Helping Students Navigate Returning to In-Person Learning

Many schools opted for full remote learning when the school year began to keep students and staff safer, continue tracking coronavirus spread within their communities, and figure out the best plan to get students back in the classroom. There is a lot of planning and resources necessary to safely hold in-person learning, and it goes far beyond what most people realize. From cleaning and sanitation to space planning and scheduling, there are a lot of moving parts to coordinate.

But as time goes on, schools are slowly beginning to make the transition and bring students back either part-time or full-time for in-person classes. This can be a lot for students to manage after spending months doing only remote learning. Here are few ways to help your child adjust to changes:

Get their input. Especially for older students, talk to them about what they want to do. Some schools are giving students the option to continue fully remote even as school buildings open back up. Let your child share their thoughts and concerns. Weigh the pros and cons and discuss what they can expect as far as how classes will be set up, what safety procedures will be in place, and what things might look like. Work together to determine the best choice for their learning needs.

Talk about safety. The school will have certain protocols in place for screening for COVID-19 symptoms, social distancing, and cleaning. Let your child know what to expect, such as having their temperature taken when they arrive and having to wear a mask all day. Send them to school with an extra mask just in case theirs should get dirty, lost, or sweaty, and double-check that it fits well so they’re not constantly touching it. If they’re allowed to bring their own hand sanitizer, attach a small bottle to their backpack for easy access, and remind them to wash or sanitize their hands frequently throughout the day.

Stay organized. If your child is not going back in-person five days a week, create a visual schedule that shows the days or times they’re in school and when they’re engaged in remote learning. You don’t want to accidently send them on the bus or drop them off on a day that they’re supposed to be at home, or keep them home when they should be at school. Also, stock up on school supplies so they have their own and are prepared each day for class.

Maintain connections. Whether learning at school or at home, encourage your child to continue communicating with their teacher and peers. They may feel more comfortable participating from behind a screen, but building connections can help them with speaking up and asking questions in person too. Find out the best ways for them to ask for help, whether it’s via email, a messaging app, or talking one-on-one.

Listen. Engage in regular discussions with your child about their day and how they’re feeling. Answer their questions as best you can and try to calm any fears or anxieties they may have. Going back to school in the midst of a pandemic can be scary, but reassure them about all of the protocols being put in place to keep them as safe as possible, and how you will handle things if someone does become sick.
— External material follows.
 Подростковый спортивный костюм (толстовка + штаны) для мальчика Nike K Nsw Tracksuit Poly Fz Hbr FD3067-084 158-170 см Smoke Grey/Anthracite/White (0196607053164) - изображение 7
As your kids make the transition back to school, help to bridge any potential gaps in learning with tutoring and other academic programs from Crafting Scholars. We meet your child where they are at and use learning strategies aligned with their strengths to support them in mastering necessary content and skills. During a time when there is so much uncertainty, give them the consistency of knowing they have the support they need to be more successful in school. Contact us today to learn about available programs and sign up!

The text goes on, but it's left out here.